Riforma del Copyright

Riforma del copyright, AIE: “Vince la libertà”

"Oggi, il giorno di San Valentino, l’Europa dichiara il suo amore per il diritto d’autore." Il presidente dell'AIE commenta la riforma europea del copyright
Riforma del copyright, AIE: "Vince la libertà"

MILANO – “Oggi, il giorno di San Valentino, l’Europa dichiara il suo amore per il diritto d’autore, per la creatività e in definitiva per la cultura. Quella di oggi è davvero una vittoria per la libertà, come espressione di un libero dibattito democratico e della creatività della persona. Questo è il diritto d’autore: rappresenta la libertà ed esprime l’identità europea”. È il primo commento del presidente dell’Associazione Italiana Editori (AIE) Ricardo Franco Levi subito dopo la fine del negoziato del Trilogo sulla riforma del diritto d’autore nel mercato unico digitale.

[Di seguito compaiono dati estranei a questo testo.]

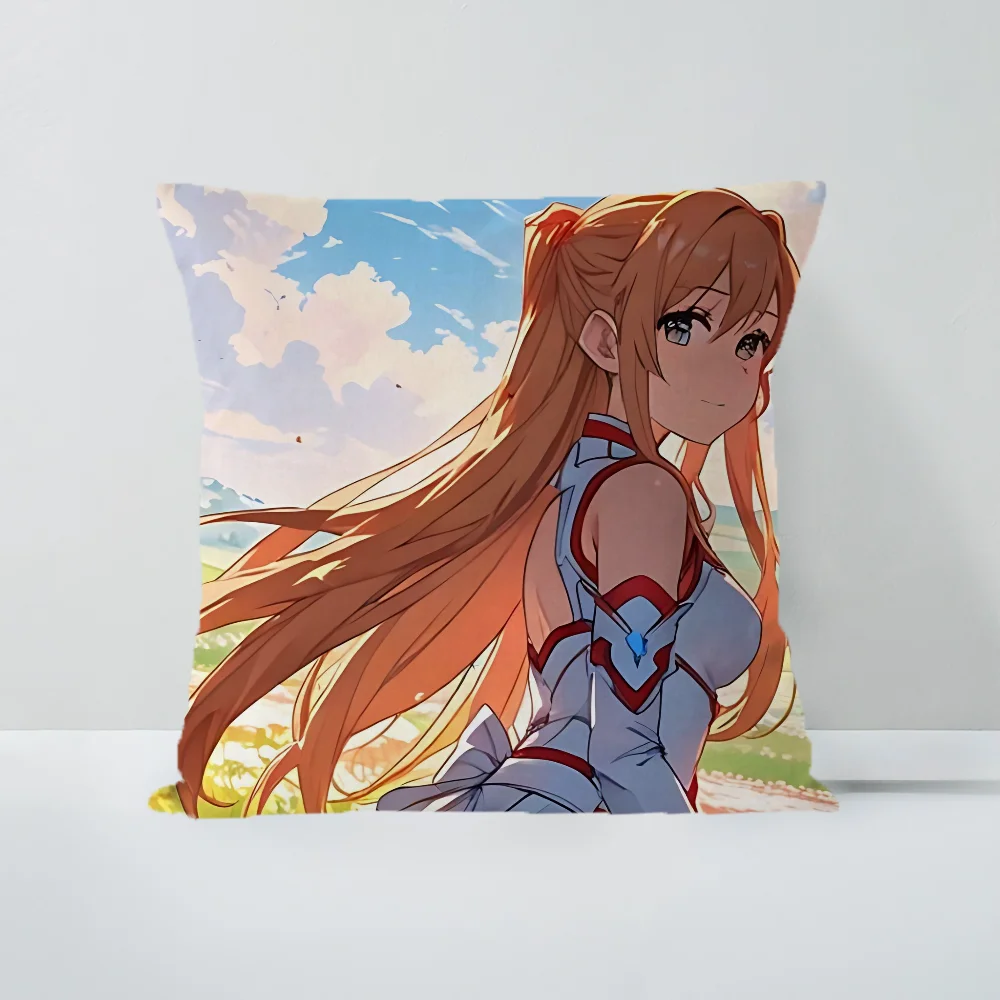 High Quality Luxury Anime Yuuki Asuna Decorative Pillow Living Room Decoration Cushion Cover Sleeping Pillows Home Cushions Sofa
High Quality Luxury Anime Yuuki Asuna Decorative Pillow Living Room Decoration Cushion Cover Sleeping Pillows Home Cushions Sofa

Il Trilogo è la commissione europea a cui spetta il compito di creare delle nuove norme per la tutela del diritto d’autore, composta da membri del Consiglio dell’Unione europea, del Parlamento europeo e della Commissione europea. Il dibattito, iniziato l’11 febbraio, ha avuto al centro la tutela del diritto d’autore online, la necessità di limitare l’eccessivo potere degli over the top (gli OTT, tra cui Google, Facebook, Apple, Amazon) e allo stesso tempo promuovere e facilitare lo sviluppo dell’economia di internet.

“Siamo soddisfatti – ha proseguito Ricardo Franco Levi – perché con l’esito di oggi si è affermato un principio fondamentale, e cioè che il diritto d’autore va sì aggiornato al digitale ma conservandone la funzione di libertà e di contrasto dei monopoli. Attendiamo ora fiduciosi che il Parlamento e il Consiglio confermino questa decisione. Certo, il testo approvato – come ogni testo di compromesso tra interessi e visioni diverse – presenta alcuni aspetti che richiedono molta attenzione in sede di recepimento. Siamo pronti a dare il nostro contributo, come abbiamo sempre fatto, perché le norme italiane vadano in direzione di un’effettiva innovazione digitale, della crescita e della diversità culturale. La Direttiva è però un’ottima premessa perché in Europa e in Italia ci sia un insieme di norme che incentivino gli autori e garantiscano il futuro delle imprese culturali”.